Data Accumulation on an Off-site Statistics Server
There are two key-words: "counter" and "off-site". "Off-site" means that all the information will be stored on a remote server (security problems arise); statistics accuracy will depend on communication channels reliability and the server software. "Counter" denotes that you should install html-code displaying the picture, located on the remote server, onto your server. Therefore, robots are automatically excluded from the list of our visitors.
Thus, a remote statistics server can be useful only in the following situations:
- Participation in the rating of sites with similar subjects (getting visitors who view ratings);
- Impossibility to install your own statistics accumulation and analysis system.
Note: Some servers try to substitute a picture for various inclusions (for instance, php-code can be added to your code). This is a good tendency, but you should be careful about the server being an off-site one. It means that the slightest failure of the remote server can disable your own server.
The key concept is the following: there are no extra log-files whatsoever. Generally speaking, it's the only correct way for data statistics storage for a long period of time (a year or more). However, a log-file is not a site statistics; it's just source data. These files require an application. There are two types of such applications:
- Programs running on a web-server, where the site is located;
- Programs, which require a log-file to be downloaded to Windows computer for local analysis.
A general disadvantage of these applications is the impossibility to fulfill on-line monitoring of the site functioning.
File downloading is rather complicated and disadvantageous.
There is also an apt variant of setting the logs rotation on the server according to the desired storage period and current contents, and then using free log analyzer on the server side. A free analyzer should be able to function efficiently, to set up analysis time periods and fulfill the condition search; this will be quite enough.

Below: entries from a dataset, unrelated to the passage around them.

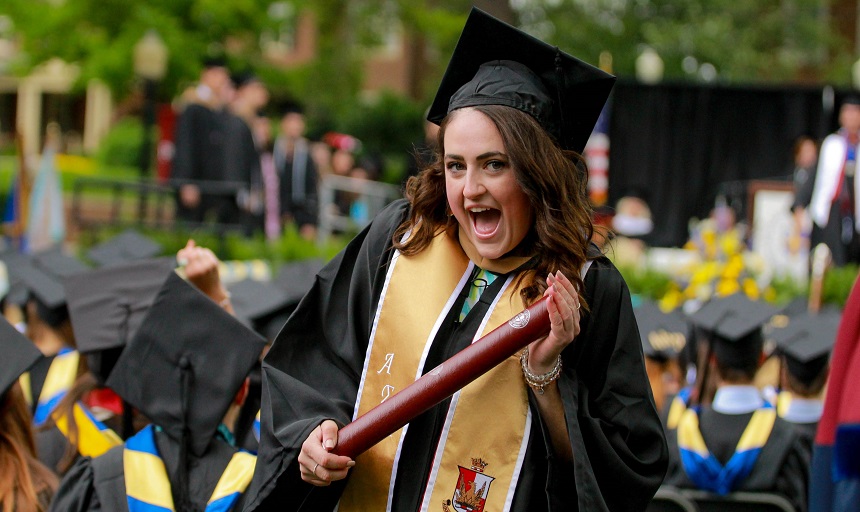 Graduate holding diploma, 2017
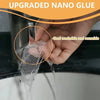 A hand is applying upgraded nano glue, a clear mesh tape, to a surface.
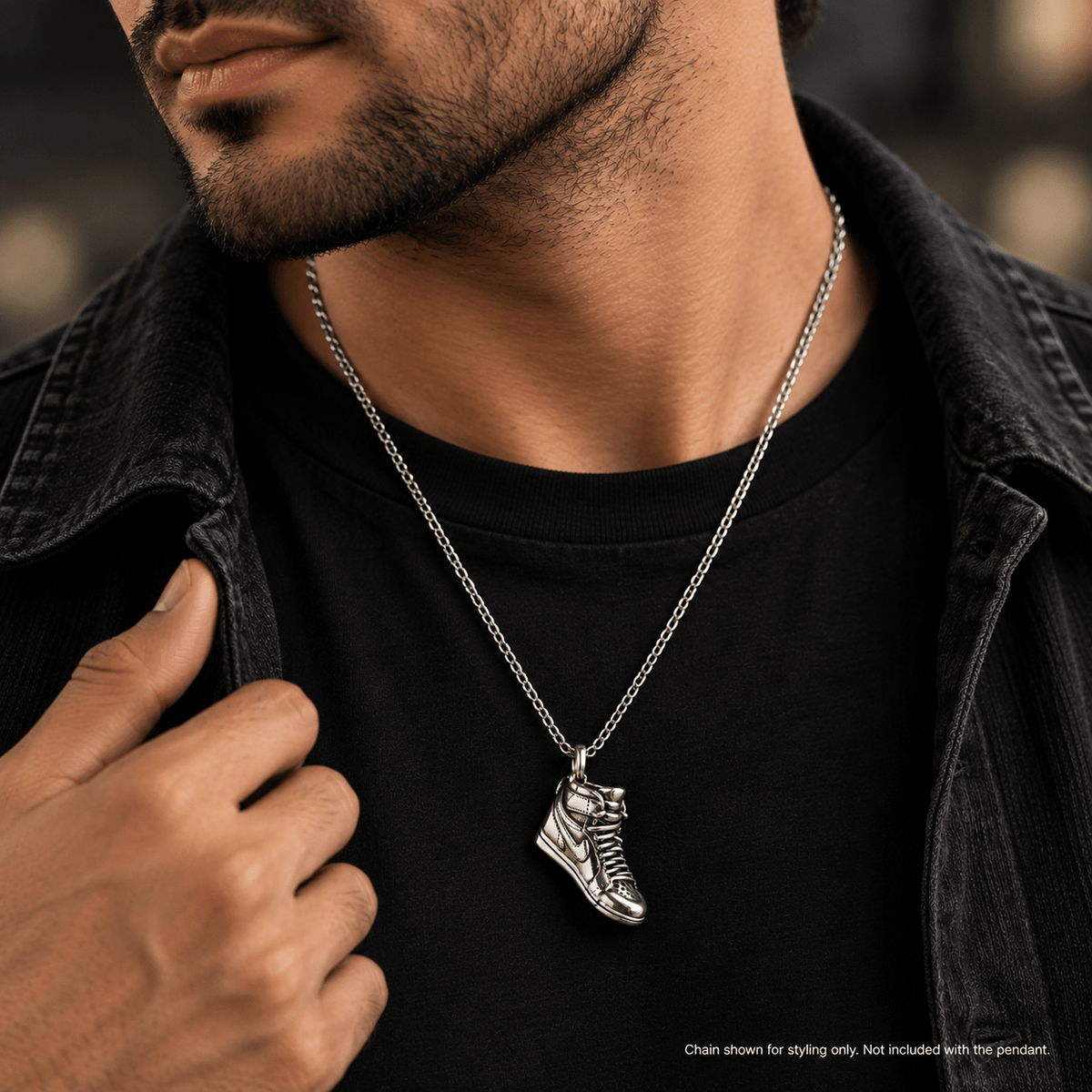 A silver-toned metal pendant shaped like a sneaker, worn on a chain by a man in a black t-shirt and dark denim jacket.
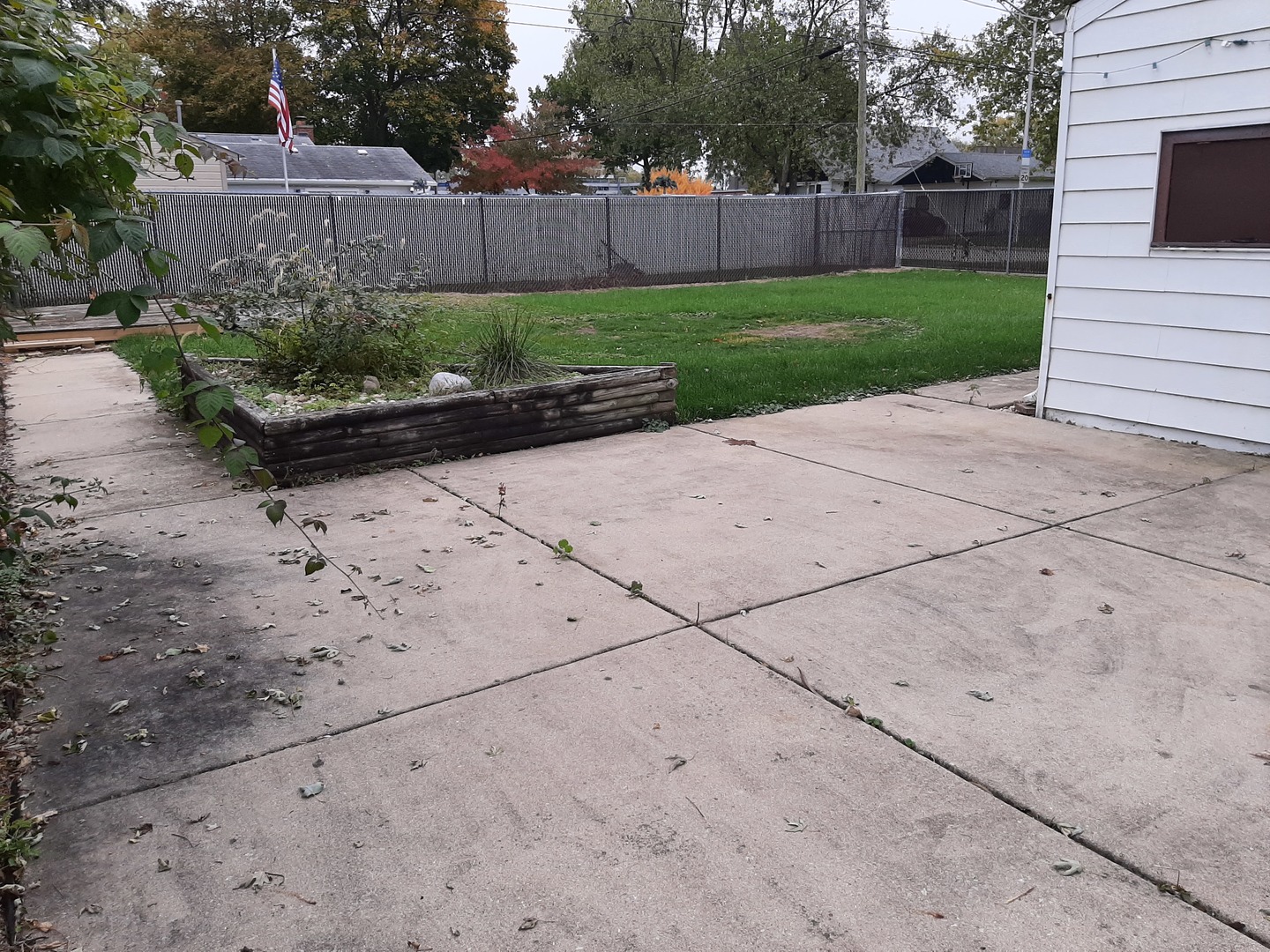 10759 Oak Avenue Chicago Ridge, IL 60415 - Photo 14 of 19 a view of a back yard with flower plants and wooden fence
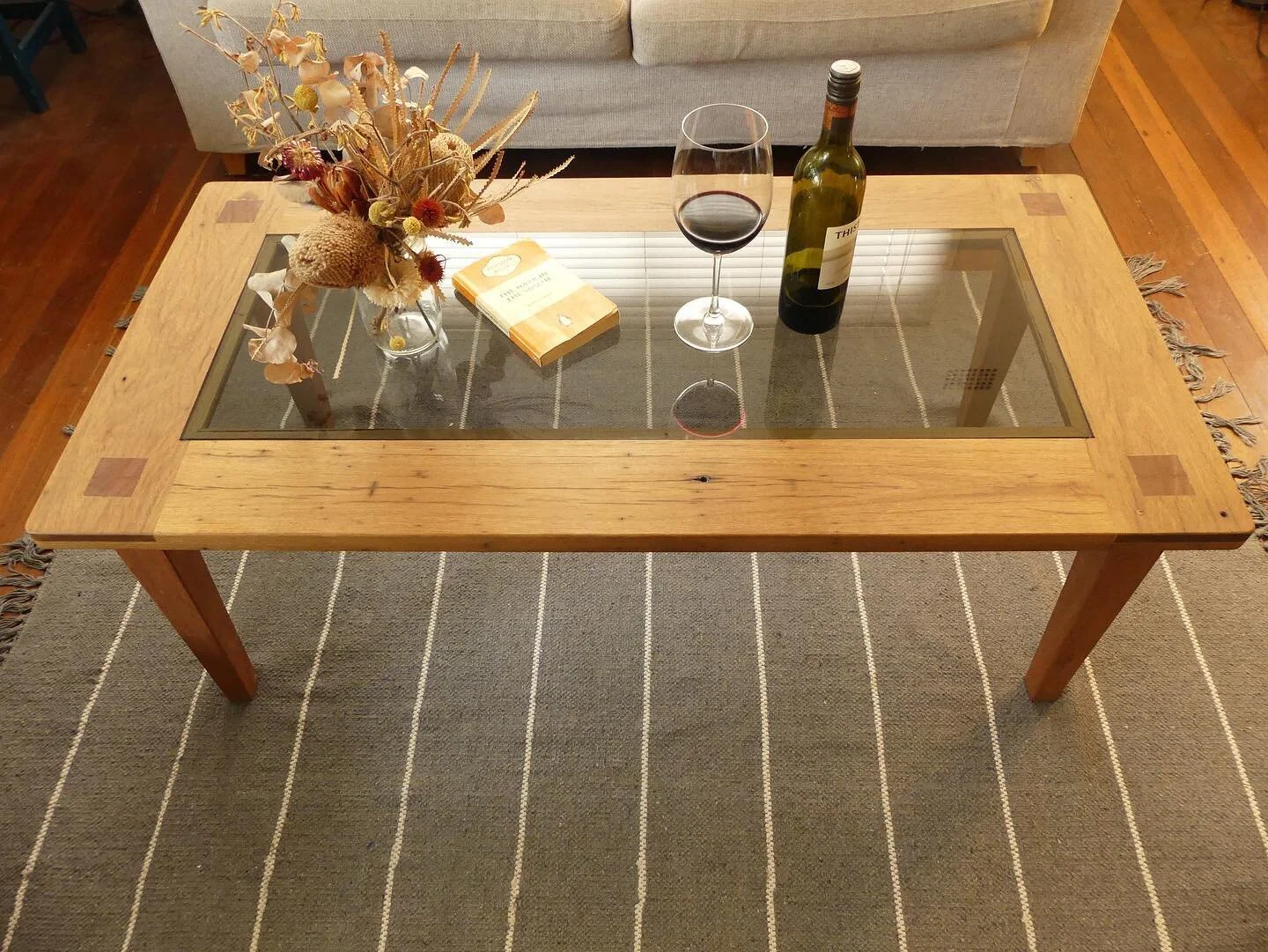 This coffee table I made with recycled timber from a Tweed Heads Boardwalk.
Featuring a glass inlay &amp; sleek design, it&rsquo;s making that glass of red look pretty inviting even on a Monday morning.
This one is for sale, so if you&rsquo;re intere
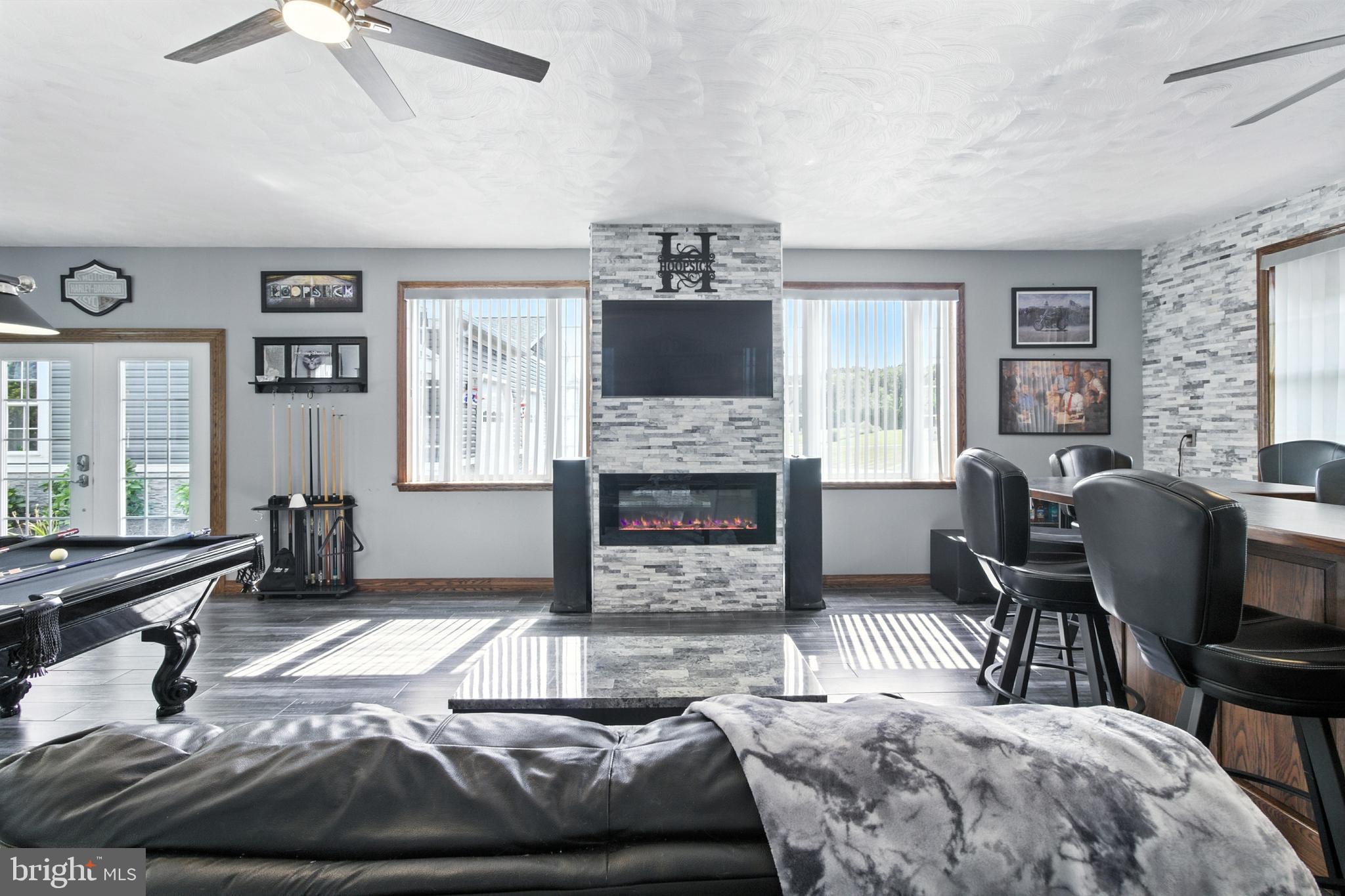 2230 Six Mile Road Philipsburg, PA 16866 - Photo 64 of 70 a living room with furniture and a fireplace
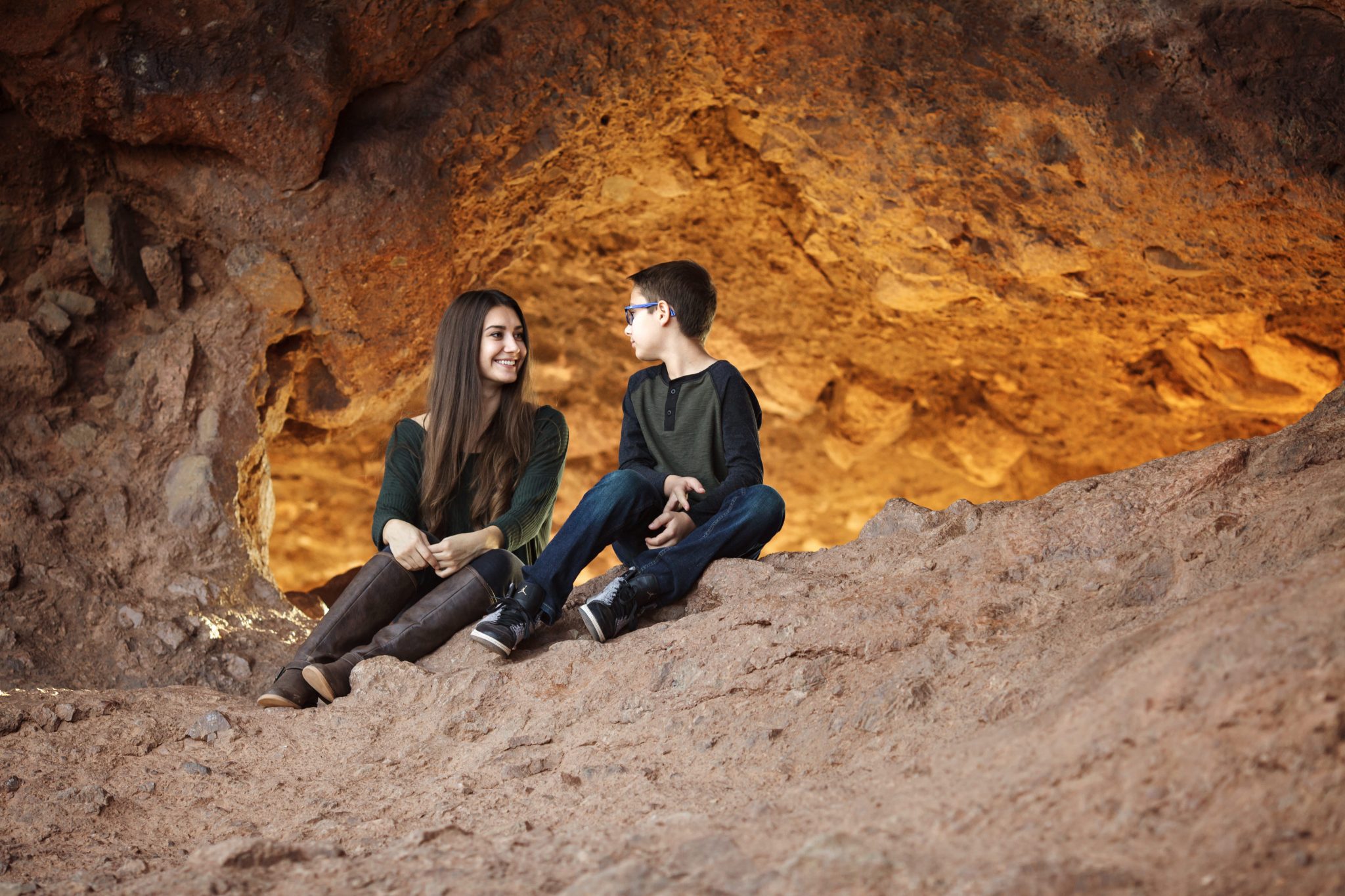 Sibling teens sit at the Hole in the Rock for portratis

Note: you shouldn't store all data forever. In practice, logs just occupy space at your disks. There is a lot of useless information; for instance, pictures downloading data. 30-60 days for a storage period will be quite enough in 99.999% cases.
Thus, log-files should be used in case it's necessary to store all the requests data for the whole period of functioning.
Data Accumulation in the Local Database
This is the only way which allows counting both robots and users, as well as monitoring and analysing their functions right at the moment of action taking place. Instant access is available to any attendance data, stored in the database.
There is a nuance though - database efficiency and advanced complexity of the contents. However, it will be enough to set up the system correctly only once. As far as database efficiency is concerned: if your web-site works with this database, then the statistics will also function as a part of the site.
Thus, data accumulation in the local database is a very convenient way for the following sites:
- Commercial sites, where on-line monitoring of the visitors is significant;
- Newly created sites;
- Small and average sites (about 10 000 unique hosts per day) using database for their core function.
We have considered here only the means of statistic data accumulation; the statistics applications functions will be examined further in the next article.
Finally, we'd like to mention commercial constituent of your site. In any case, you spend money on the site. The site statistics should earn you profit. Here are the questions more useful than any explanations:
External counter, off-site statistics servers: Whom do you bring profit to, using external counters? Whom does the picture advertise? Whom do you raise citation index for? Whom do you pay and what do you get in return?
Server log-files: What do you store gigabytes of logs for? What is the profit of occupying the server place? How often do you have to search for logs more than a month old? Is it convenient? Are log processing applications efficient enough? Do you always respond to visitors' actions immediately?
Data accumulation in the local database: Does your database experience any critical overloads or stay idle? Do you need on-line visitors monitoring? Is it sufficient for you to analyze robots activity on the site?